The Don’t Raise Our Rents campaign is therefore calling on local councils to make sure that any rent increases placed on Scout groups are fair and affordable. From today, those Scout Groups affected, along with those councils raising rents and rates, will be identified at campaign website. The website will provide a national petition for the public to sign, as well as providing Scouts and Leaders with a toolkit to run local campaigns directed at specific councils.

The Scout Association acknowledges the efforts that some councils are already making to keep rents down. TSA hopes that the Don’t Raise Our Rents! campaign will encourage a more consistent approach by local authorities across the UK.

Commenting on today’s launch, Bear Grylls said,

“It is completely counter-productive for councils to charge Scouts such enormous rent increases. These crippling rises jeopardise the future of Scouting and the enormous amount of voluntary work we provide to communities week-in, week-out. We’re not asking councils for money.  We simply ask that they continue to recognise the importance of Scouting in their area. I hope that all those Groups affected will get involved in this campaign and help their local councils see sense.”

David Moreton, a Scout Leader from the 1st Raunds Scout Group in Northamptonshire, said:

“In the last year the hourly rent charged to my Scout Group by the county council has risen by 50%. We have had to raise the costs we charge our Beavers, Cubs and Scouts and also raise an extra £5,000 year to cover these and other increased costs. I know this is not just a problem that impacts on our Group but all those Groups in Northamptonshire that rent facilities from the local Authority. We know times are tough but all we want is a fair and reasonable rent: - these new charges are not fair and reasonable”

There are some councils who recognise the importance of Scouting to local communities and have kept rents at fair and affordable levels.

Success stories include:

  • Chelmsford Borough Council continues to exempt local Scout groups from council tax and charge them £15.00 per year ground rent.
  • The 1st Moss Wrexham Scout group rent a community hall from Wrexham Borough Council.  The rent has increased steadily over the years, more or less in line with RPI, and the group have use of a modern refurbished hall, toilets and a kitchen.  The hall is well lit, heated and cleaned regularly.  The normal rate to hire the room to the general public is £50 per night.  This deal represents great value and annual increases in line with RPI allow groups to budget accordingly.

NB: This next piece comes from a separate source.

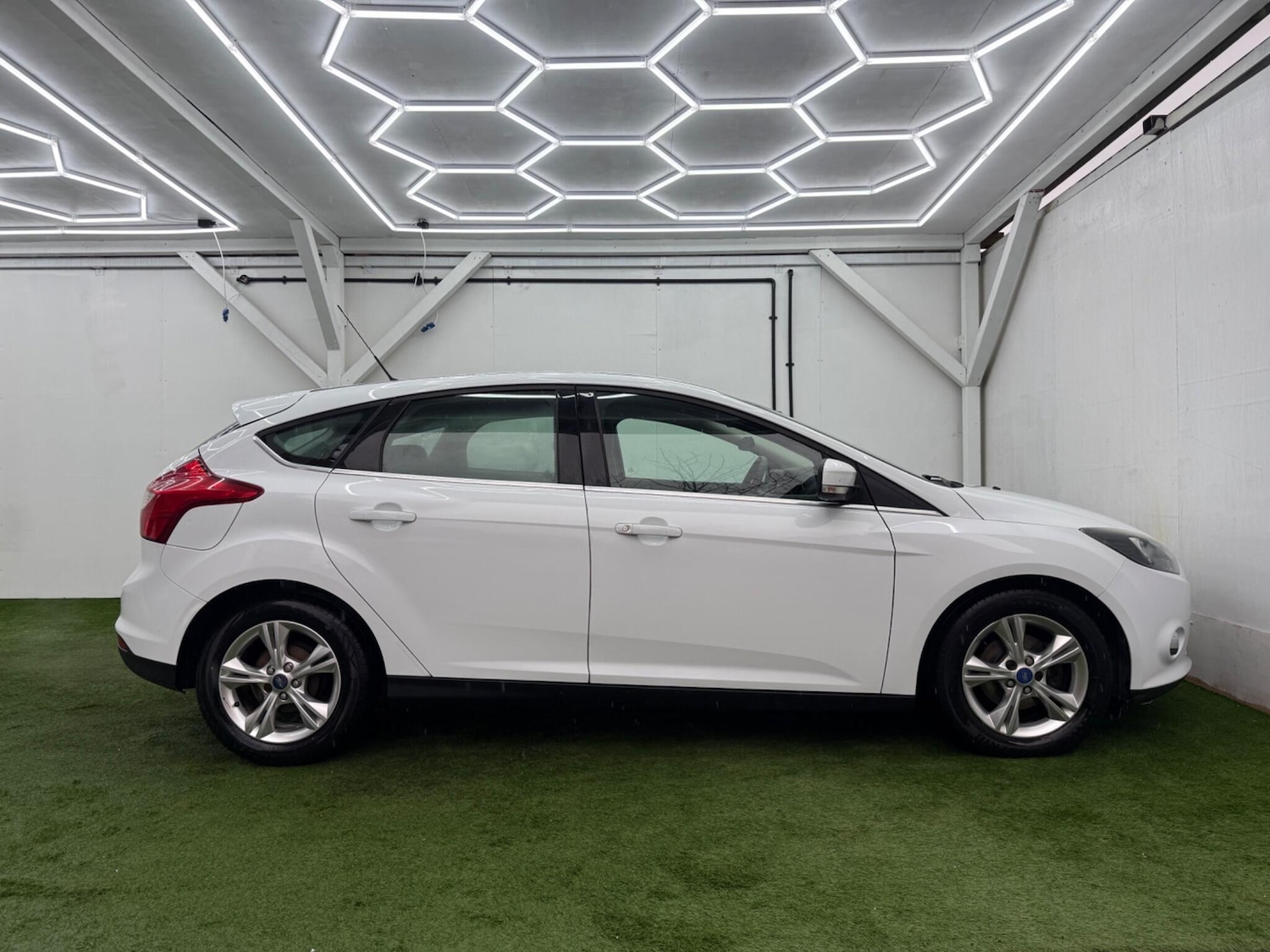 Used Ford Focus for sale - 77215317: Photo 5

The Value of Scouting to local communities:

  • Approximately 110,000 adults support Scouting in the UK. (Leaders, Commissioners, parent helpers etc).
  • Scout volunteers give 37,620,00 hours per year to the community.
  • The contribution of all adults working in the Movement is equivalent to £380m paid services for young people annually.
  • Twice as many teenagers involved in Scouting, volunteer in community projects than the national average (55% of young people who are scouts volunteer in their local community compared to 28% of non-Scouts?.
  • It costs the equivalent of £300 to train a Scout Leader, meaning through its activities The Scout Association provides the UK economy with training worth approximately £5.5 million per year.